Basran mengaku menemukan hambatan dalam membuat jurnal terkait dengan penemuan gambar cadas di Leang Tedongnge. Dia berkata membutuhkan waktu lama untuk menemukan isu yang cocok.
Namun, dengan berbagai alasan akhirnya memutuskan untuk mengambil isu tentang seni gua tertua di Sulawesi yang diterbitkan di Science Advance.
Basran mengklaim sejumlah pihak sudah mulai peduli dengan situs arkeologi yang ada di Indonesia. Dia berharap kepedulian itu terus berlanjut agar situs arkeolog bisa membantu peneliti mengungkap kehidupan prasejarah.
"Saat ini sudah lebih baik dibandingkan beberapa tahun lalu. Sekarang itu beberapa stakeholder sudah mendukung," ujar Basran.
Basran kepedulian itu biasanya muncul ketika peneliti selesai menganalisis tinggalan prasejarah yang ditemukan. Sebelum itu, peneliti sebuah situs yang berusaha untuk menjaga agar tidak rusak atau dirusak.

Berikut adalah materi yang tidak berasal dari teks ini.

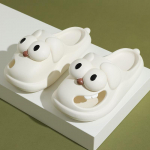 Suurte silmadega koerasussid naiste suvised v&auml;lir&otilde;ivad siseruumides kasutamiseks libisemisvastased paksud tallad Armsad varba ja auguga kingad lahedate sussi jaoks 36-37 valge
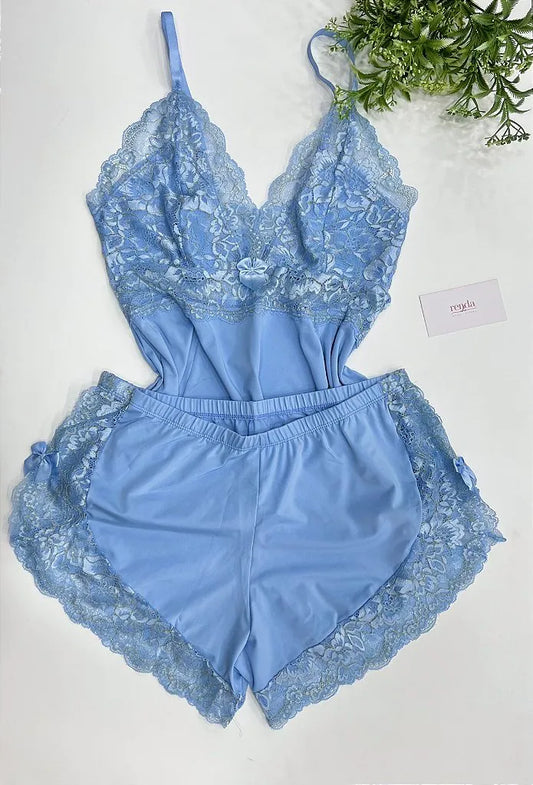 BABY DOLL AURORA – AZUL CÉU E DOURADO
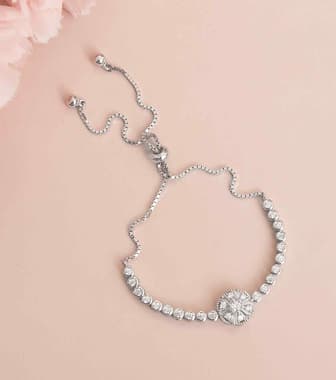 Silver Fancy Stone Bracelet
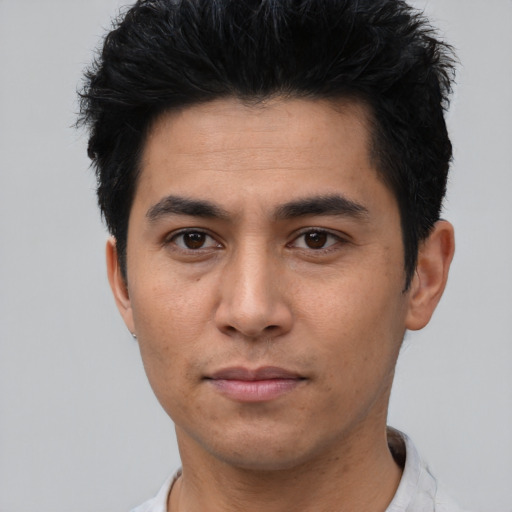 Neutral asian young-adult male with short  black hair and brown eyes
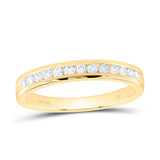 14kt Yellow Gold Womens Round Diamond Single Row Comfort Wedding Band 1/4 Cttw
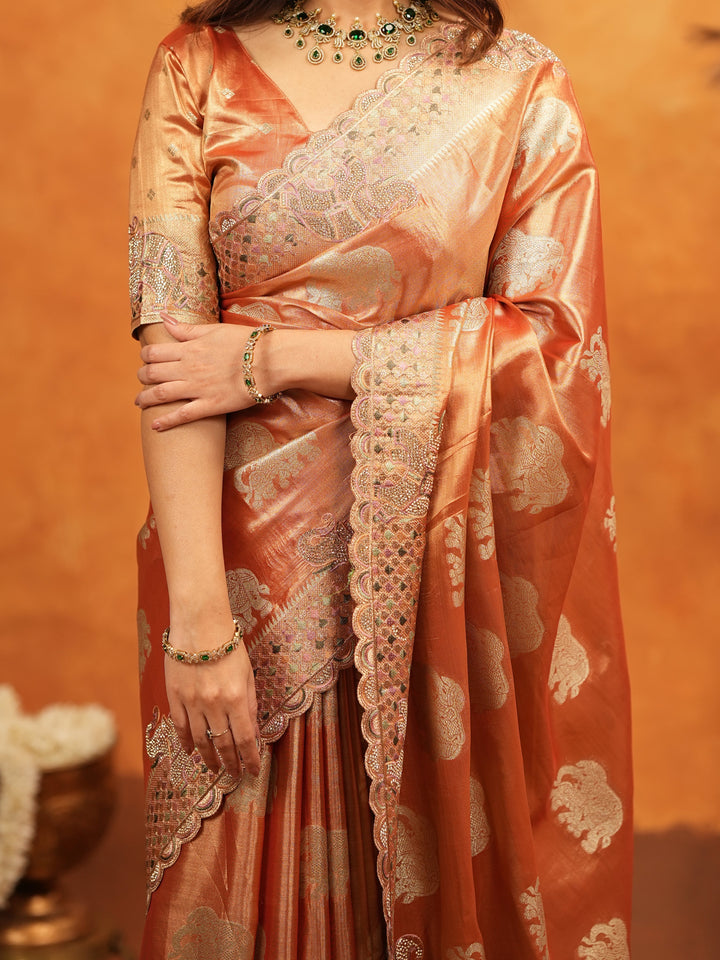 Rust Orange Tissue Silk Embroidered Saree with Zari Motifs & Designer Border | Heavy Embroidered Blouse with Tassels | Wedding & Festive Wear Saree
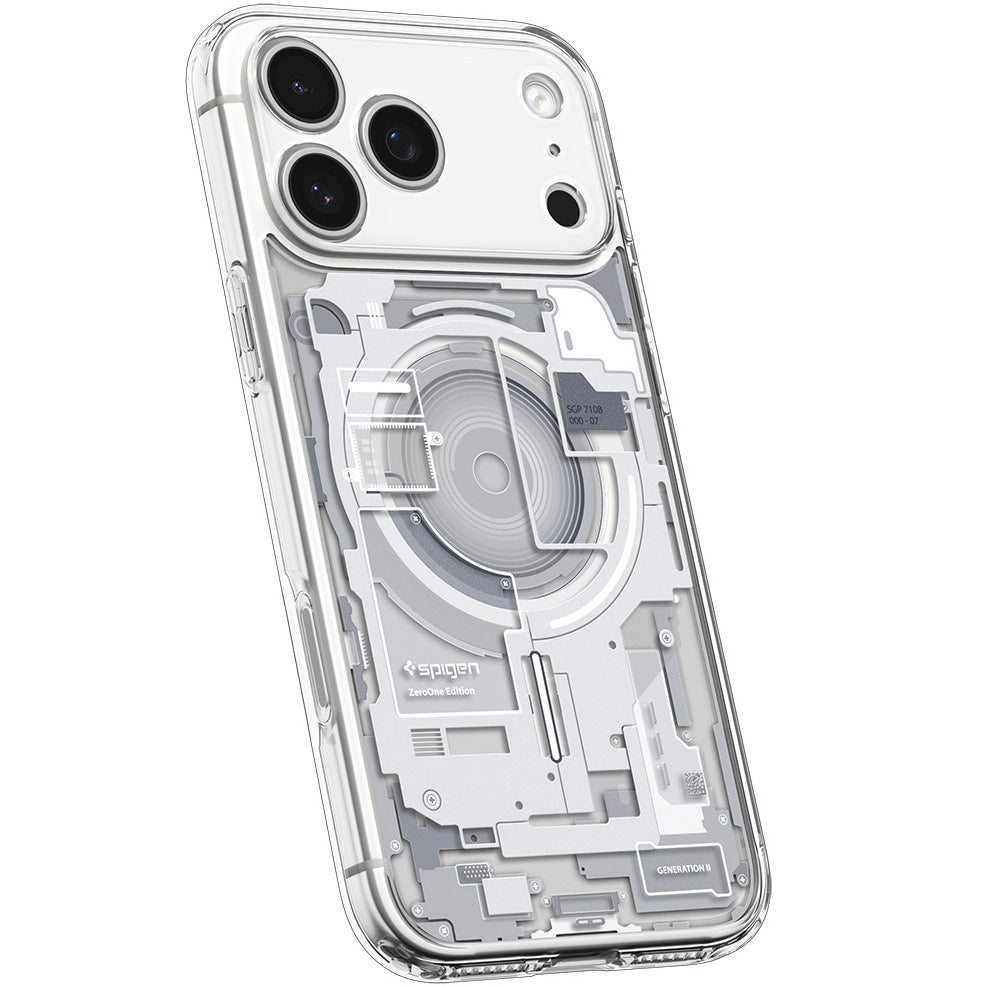 Handyhülle für iPhone 18 Pro Max, Spigen Ultra Hybrid Mag mit MagSafe, Transparent-Weiß (Zero One) (6/14)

Di Kabupaten Pangkajene dan Kepulauan misalnya, dia berkata sebuah perusahaan tambang merelakan wilayah eksplorasinya karena terdapat situs prasejarah. Serah terima wilayah itu diharapkan dapat membuat situs tetap ada dan diteliti lebih lanjut.
"Jadi paling tidak mereka sudah punya kepedulian walaupun memang masih banyak kasus yang menyebabkan situs arkeologi rusak," ujarnya.
Basran membeberkan vandalisme adalah salah satu penyebab situs arkeologi rusak. Keterbatasan kemampuan pengawasan, kata dia membuat vandalisme ditemukan di sejumlah situs arkeologi.
"Yang susah dikontrol itu vandalisme," ujar Basran.
Terakit dengan Leang Tedongnge, Basran mengaku pihaknya sengaja merahasiakan lokasinya. Sebab, dia khawatir Leang Tedongnge menjadi sasaran vandalisme.
Lebih dari itu, dia berkata pihaknya sedang berusaha untuk menghadirkan juru pelihara di situs arkeolog tersebut.